L’importanza del voto in Iowa ha più una valenza simbolica che un’importanza numerica: i delegati in palio sono pochi ma il primo round di primarie è da sempre il più atteso ed è qui che i candidati investono le loro prime risorse. È anche qui che gli sfidanti, da ambo le parti, creano il loro primo “momentum”, nel quale tutto il focus mediatico è concentrato su chi ha vinto e su chi ha perso.
L’Iowa premia tradizionalmente il candidato più conservatore: qui nel 2008 per il GOP la spuntava Mike Huckabee e nel 2012 Rick Santorum. Sappiamo tutti come andò poi a finire. Dunque quanto è importante la vittoria di Cruz e la rimonta di Rubio? Molto, nonostante tutto. Un po’ per il metodo un po’ per gli avversari. Partiamo dal metodo.
A scuola di comunicazione politica da Ted
Ted Cruz non è nuovo alla politica: collaboratore di George W. Bush fin dai primi anni 2000 si è conquistato “dal basso” la carica di senatore solo nel 2012, trascinato da una campagna grassroots tutta cuore. Qui sotto la foto che abbiamo scattato al Freedom PAC di Dallas, nel luglio del 2012.
Il ground game di Cruz in questo esordio delle primarie è stato impeccabile: piccoli comizi, visite nelle comunità, incontri con i pastori, porta a porta.L’approccio della comunicazione politica tradizionale contro i metodi “non convenzionali” di Donald Trump che del chiasso mediatico e del buzz sui social media ha fatto un vero cavallo di battaglia. La strategia “old school” del senatore texano – da sempre mal digerito dall’establishment di Washington – ha avuto successo nel primo stato davvero conservatore.

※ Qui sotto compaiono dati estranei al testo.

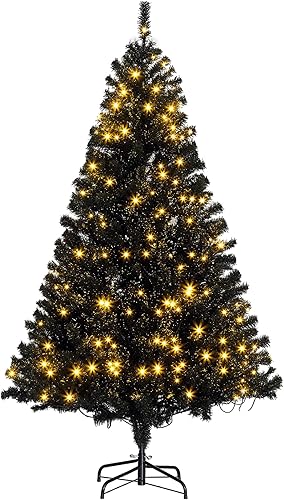 Miniatura 10 de HOMCOM Árbol de Navidad artificial preiluminado de abeto Douglas de 6 pies de alto con ramas realistas, 250 luces LED blancas cálidas y 1000 puntas,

Ne è convinto anche Cristiano Bosco, giornalista (Linkiesta, Il Giornale) ed esperto di politica americana: “Dal punto di vista della comunicazione, Ted Cruz è colui che meglio ha investito sull’Iowa, con una presenza costante e capillare: il suo profilo, molto improntato sui temi etici e sui valori religiosi, ha rappresentato l’appeal giusto per gli elettori evangelici dello Stato – sicuramente molto più di Trump, newyorkese con tre matrimoni alle spalle”.
Cappellini rossi e tweet
The Donald, che mal digerisce la seconda posizione, ha pagato la sua campagna “non tradizionale” in un campo troppo tradizionale. Commenta Cristiano: “Trump ha investito più in cappellini rossi (true story!) che in spese strategiche, di analisi o di staff sul territorio”. Tramontato Jeb, le gerarchie del GOP trovano tuttavia un ultimo appiglio dell’ottima performance di Rubio: il suo “New American Century” lo proietta in un immaginario di ottimismo giovanilistico ideale per un possibile duello finale con i vecchietti Clinton e Sanders.
E in casa dem? “È impossibile non notare la deludente performance di Hillary Clinton. Da otto anni è la candidata inevitabile, e a dispetto di investimenti, una macchina elettorale senza pari, endorsement ovunque e la discesa in campo del marito, non riesce a sfondare – e questa volta l’avversario non era il giovane emergente di belle speranze Barack Obama, ma un anziano senatore socialista. È evidente che, agli americani, e agli stessi democratici, Hillary stia simpatica quanto lo era Mitt Romney”.
I nipotini di Bernie
Dall’altra parte della barricata, il vecchio Bernie, con il suo slogan tutto emozioni (“Feel the bern”) infiamma i giovani, riuscendo nell’impresa di“presentarsi come nuovo e anti-sistema, pur essendo da una vita a Washington”. Un incredibile 84% di under 30 hanno supportato il 74enne senatore del Vermont. Barack Obama, a confronto, conquistò solo il 57% dei cuori più giovani. E Hillary? Il 69% dei suoi elettori nel caucus dell’Iowa sono over 65, mossi più dalla Clinton-nostalgia che da qualche post su Facebook.
Insomma, in questo primo round si può proprio dire che “Volantini battono social media”: vediamo cosa succederà al secondo!